Three 102-centimetre (cm) (40-inch) long conduits[14] and five wire bundles pass over the cockpit rear wall at this point, and continue aft over the top of Galley 2 between STA 383 and STA 420. (See Figure 3, Figure 4, Figure 5, and Figure 7.) The ends of the conduits were not required to be sealed and were found unsealed in other MD-11 aircraft that were examined. These conduits and wire bundles are attached by straps to a series of wire support brackets located at STA 383, 392, 401, 410, and 420. The wire bracket positioned at STA 383 is at a slight angle relative to the cockpit wall, which is directly below it. The top edge of this bracket, and attached wire bundles, are in contact with the metallized polyethylene terephthalate (MPET)–covered insulation blanket. Each of the conduits protrude forward of the cockpit wall by varying amounts because of the angle of the wall to the bracket.

Typically, the forward protrusion of the outboard conduit is the shortest of the three and the forward protrusion of the inboard conduit is the longest. These lengths, as measured from the bracket, vary from approximately 2.5 to 8 cm (1 to 3 inches) for the outboard and middle conduits. The inboard conduit was not used for any of the in-flight entertainment network (IFEN) installations. The cut-out extends downward approximately 8 cm (3 inches) from the top of the wall and is approximately 48 cm (19 inches) wide. A piece of closed-cell polyethylene foam containing fire retardant additives (i.e., part number (PN) NBN6718-83; Douglas Material Specification (DMS) 1954, Class 1, Grade 4101) is installed at this location to act as filler material for the cut-out.

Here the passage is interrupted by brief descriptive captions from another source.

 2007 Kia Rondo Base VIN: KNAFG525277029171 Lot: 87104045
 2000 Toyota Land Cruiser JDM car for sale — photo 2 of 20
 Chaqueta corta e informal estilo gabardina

Between STA 366 and STA 383 there are a number of wire support brackets installed in the fore-aft direction. These brackets are used to support wire bundles routed from behind the observer's station down into the avionics compartment; this area is commonly referred to as the "ladder area."[15] The aft end of the top bracket in the "ladder" is located near the outboard end of the cut-out in the cockpit wall (see Figure 3 and Figure 5). The brackets, and many of the wire bundles, are pressed up against, and closely follow, the curved contour of the fuselage over-frame MPET-covered insulation blankets.

Just aft of the right side of the cockpit rear wall, above Galley 2, a sound-suppression muff assembly (muff assembly) was installed around a splice junction of the conditioned air riser duct assembly (see Figure 6). The muff assembly uses an MPET-covered insulation blanket secured at both ends by hook-and-loop fasteners.

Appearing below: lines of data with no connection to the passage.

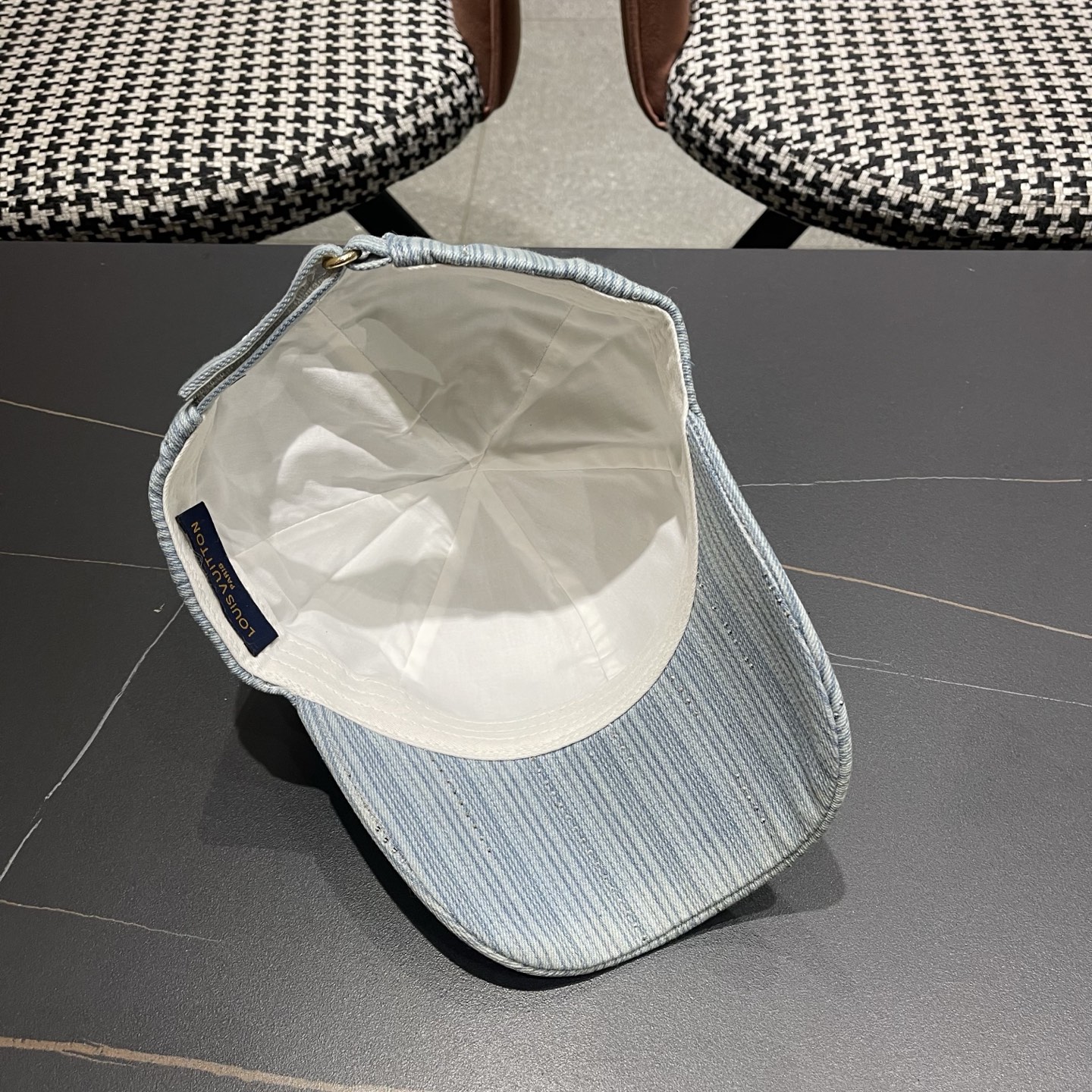 🧢LV路易威登棒球帽，非常经典的经典，流行的复古美，四季可用，出门必备，非常显脸小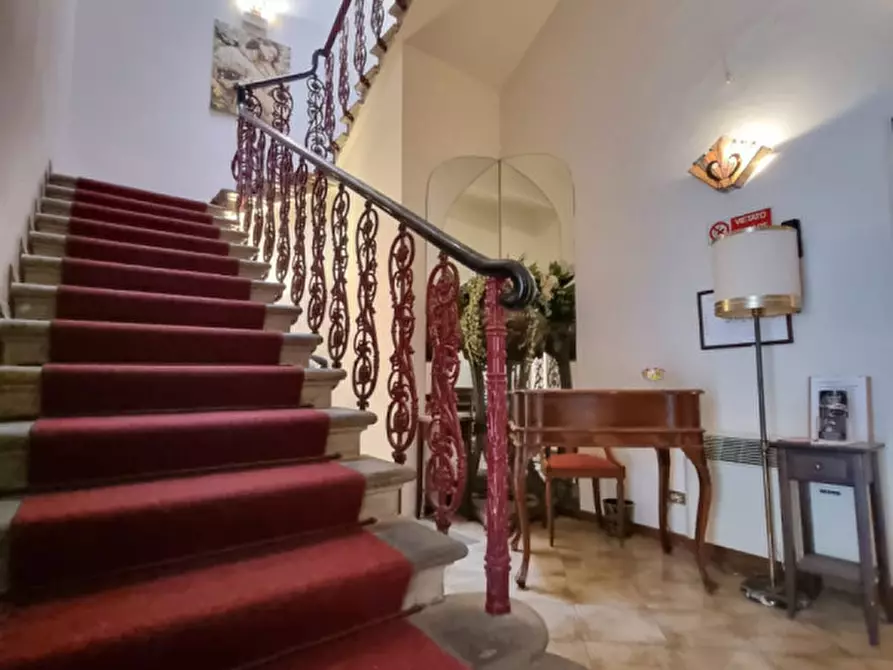 Immagine 19 di Villa in vendita  in PIAZZALE MICHELANGELO a Firenze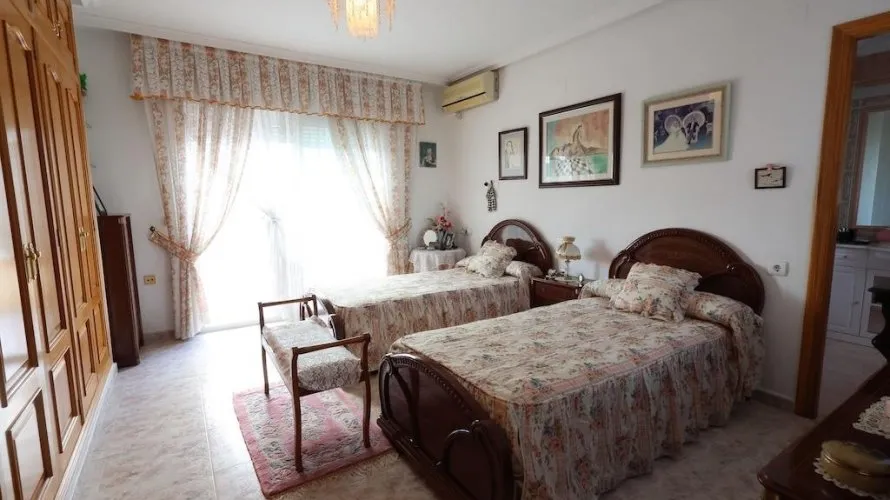 Apartment de 5 chambres à Alicante, Spain No. 926 № 11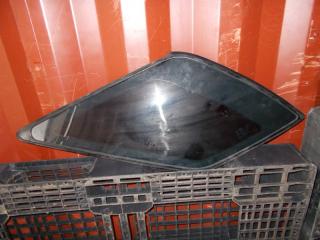 Стекло собачника заднее левое Kia Sorento 2006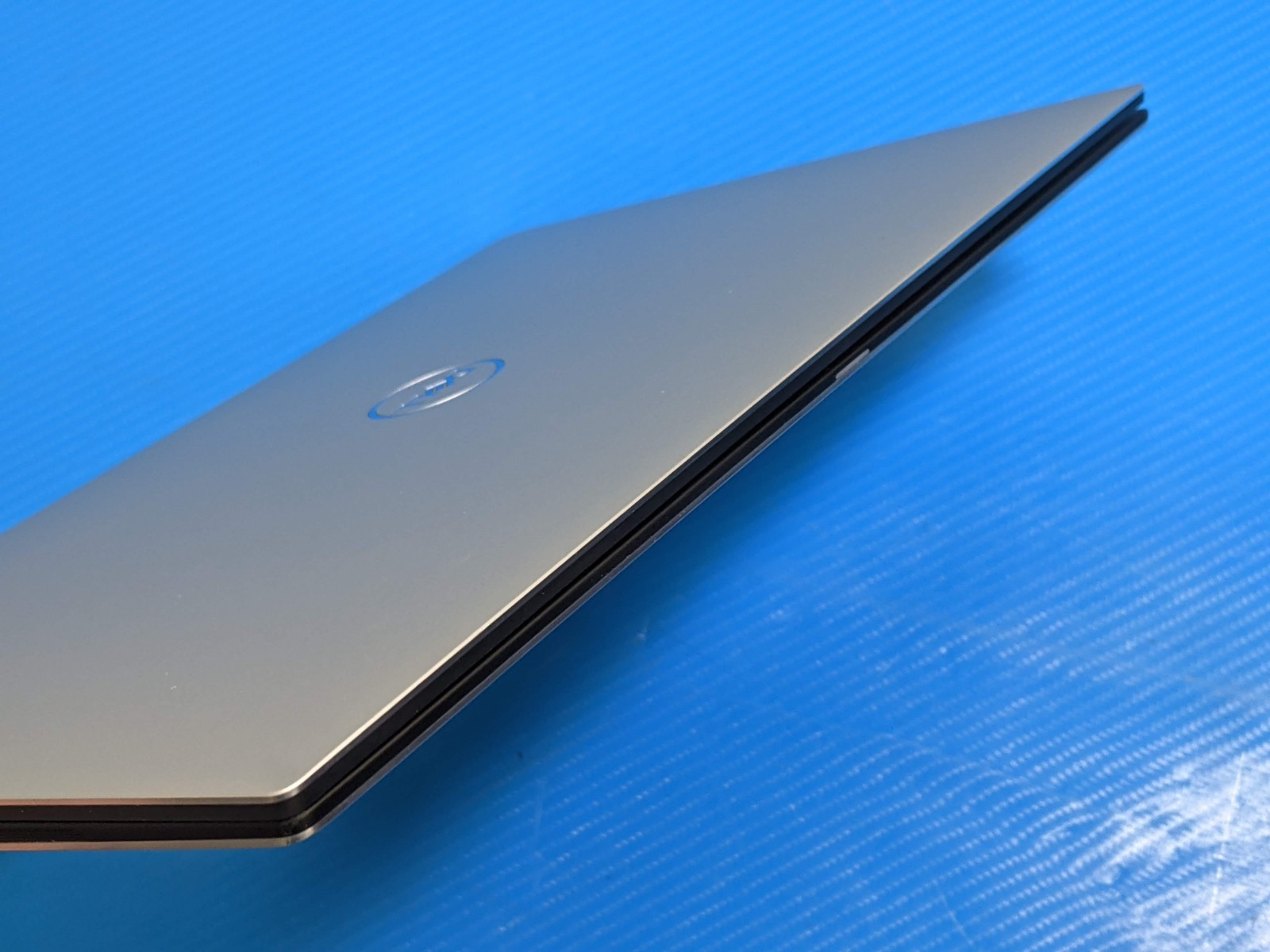 Dell XPS 13 9305 13.3″ FHD Intel i3-11th Gen 3GHz 8GB 256GB Win11Home +Charger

A second type of closed-cell polyethylene foam (PN ABE7049-41) was used around the windshield defog terminal blocks on the left side of the cockpit. A sample of the second type of foam (PN ABE7049-41) was removed from a Swissair MD-11 aircraft and tested. When the sample specimen was exposed to a small flame, the specimen ignited easily and burned.

Both of these foam materials were specified to DMS 1954, Class 1, Grade 4101, which states that the foam should possess fire-retardant additives and be certified to pass a 12-second vertical burn test as required in FAR 25.853, Appendix F. Literature indicates that both foams met FAR 25.853, Appendix F for commercial aircraft interior compartment components.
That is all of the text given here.